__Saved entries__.

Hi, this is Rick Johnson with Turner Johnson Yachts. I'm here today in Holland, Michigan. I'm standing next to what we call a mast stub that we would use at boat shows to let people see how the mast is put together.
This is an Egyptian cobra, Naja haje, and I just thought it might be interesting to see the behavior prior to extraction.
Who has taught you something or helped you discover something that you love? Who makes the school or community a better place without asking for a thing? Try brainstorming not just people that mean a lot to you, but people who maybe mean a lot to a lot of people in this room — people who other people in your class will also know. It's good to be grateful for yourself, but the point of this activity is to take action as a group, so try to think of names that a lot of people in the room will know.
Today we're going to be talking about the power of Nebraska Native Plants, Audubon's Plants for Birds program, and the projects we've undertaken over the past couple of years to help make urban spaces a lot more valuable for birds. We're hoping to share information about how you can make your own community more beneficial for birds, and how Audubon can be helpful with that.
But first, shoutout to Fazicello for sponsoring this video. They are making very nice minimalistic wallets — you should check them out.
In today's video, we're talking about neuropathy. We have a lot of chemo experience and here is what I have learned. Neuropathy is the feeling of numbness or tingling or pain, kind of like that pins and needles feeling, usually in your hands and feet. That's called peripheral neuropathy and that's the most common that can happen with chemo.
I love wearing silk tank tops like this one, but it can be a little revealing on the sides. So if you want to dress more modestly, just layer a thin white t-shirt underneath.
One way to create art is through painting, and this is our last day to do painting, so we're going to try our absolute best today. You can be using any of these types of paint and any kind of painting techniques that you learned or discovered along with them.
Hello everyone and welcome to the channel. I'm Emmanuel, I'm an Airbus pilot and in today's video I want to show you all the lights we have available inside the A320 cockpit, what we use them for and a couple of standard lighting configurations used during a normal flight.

__Problem description__. Above are the records; from them, give again exactly the lines from the one containing "This is an Egyptian" through the one containing "Who has taught", both included.

__Solution for this exercise__.
This is an Egyptian cobra, Naja haje, and I just thought it might be interesting to see the behavior prior to extraction.
Who has taught you something or helped you discover something that you love? Who makes the school or community a better place without asking for a thing? Try brainstorming not just people that mean a lot to you, but people who maybe mean a lot to a lot of people in this room — people who other people in your class will also know. It's good to be grateful for yourself, but the point of this activity is to take action as a group, so try to think of names that a lot of people in the room will know.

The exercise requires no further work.